Membres : courts avec aplombs réguliers, jamais long-jointés les postérieurs avec un jarret fort mais bien vertical, jamais fermé, ni la pointe renvoyée en haut, ni clos, ni trop ouvert.
Toison : étendue, couvrant le haut de la tête jusqu'à une ligne passant par les orbites ou légèrement dessus, garnissant les ganaches et le bord supérieur des joues, s'arrêtant aux membres inférieurs à quelques centimètres au-dessus du genou, revêtant la poitrine et le ventre, laissant ou non les testicules à découvert, descendant au membre postérieur jusqu'au jarret, en recouvrant les parties supérieures et latérales de celui-ci et le haut du tendon en arrière. L'aspect général est celui d'une toison assez courte. Laine fine, souple, onctueuse, pourvue d'un suint abondant, de couleur jaunâtre. 
Durant leur première année, les jeunes peuvent avoir une laine courte sur les joues, le chanfrein, les membres postérieurs et, chez les jeunes béliers, sur la peau des bourses.
Couleur : blanche, tête et membres couverts de poils fins, de coloration blanc-argenté, sans reflets ni taches rougeâtres, brunâtres ou autres. Les taches noires, même de petite étendue, sur le corps et les membres ne sont pas tolérées. 
L'absence de toute tache de pigmentation noire aux lèvres, au bout du nez, aux paupières et autres muqueuses (anus, vulve, périnée, cavité buccale) est désirable ; cependant la présence desdites taches n'est pas une cause de disqualification. 
Causes de disqualification : présence de cornes, toison envahissant la face ou le membre postérieur, ou ces deux régions chez les adultes, toison laissant la tête complètement nue ; toison ouverte en mèches pointues vrillées à l'extrémité, à brin gros, dur, sec, cassant, oreilles minces, petites et transparentes, entièrement dégarnies de poils.
Caractères à rechercher : chez le bélier, la nuque large, le dos droit et épais, le membres écartés, surtout les postérieurs, et bien d'aplomb, les testicules réguliers et peu descendus, le sillon des bourses peu marqué, la tête bien portée, l'expression éveillée, la toison homogène. Chez la brebis la face longue, les lèvres épaisses, les membres fins, surtout les antérieurs, la mamelle globuleuse et régulière, les hanches écartées, la croupe longue.
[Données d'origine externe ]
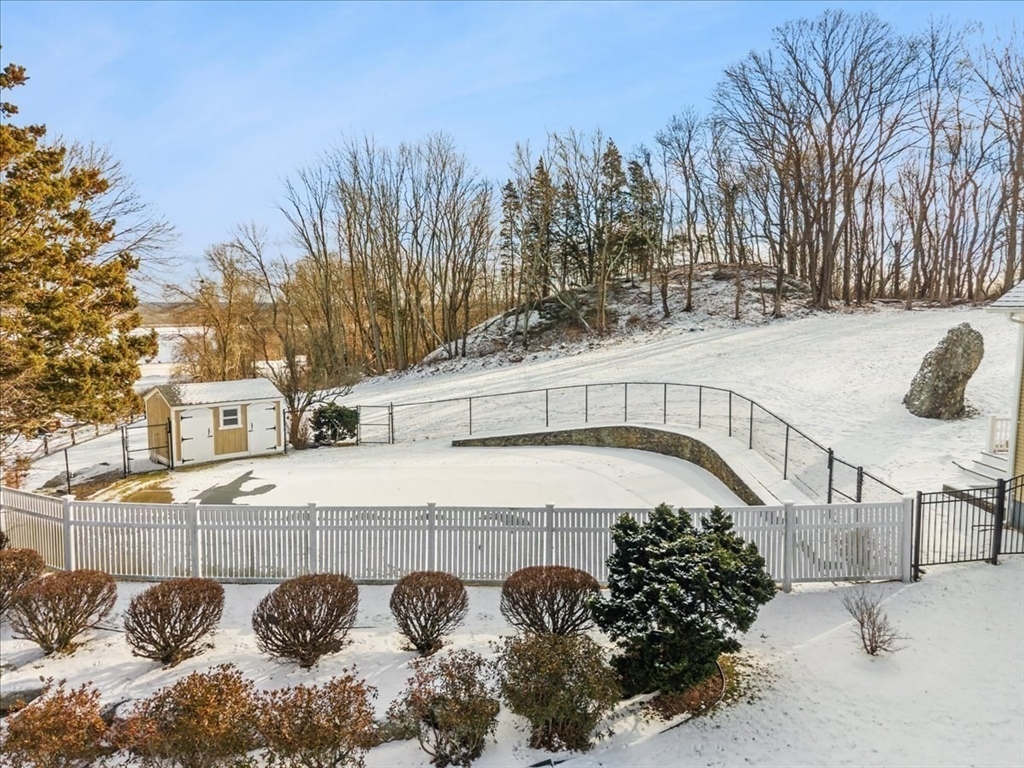 692 Elm Street Somerset, MA 02726 - Photo 27 of 42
Flock-book créé en 1921, le plus important de France (plus de 80 adhérents). Issu d'un croisement Dishley-Mérinos aujourd'hui bien fixé, l'Ile-de-France est un mouton précoce, exigeant, à la laine assez fine, de qualité moyenne AB (3 à 4 kg par brebis) réputé pour la production de viande. Il représente le 1/12 du cheptel français (un million de têtes). Chaque troupeau produit un pourcentage intéressant d'agneaux doubles. C'est un animal de bergerie, mais il existe encore quelques troupeaux de plein air. 
Aire de répartition : Brie, Beauce, Soissonnais, Gâtinais, etc. Italie, Suisse, Pologne, Allemagne, Afrique, etc.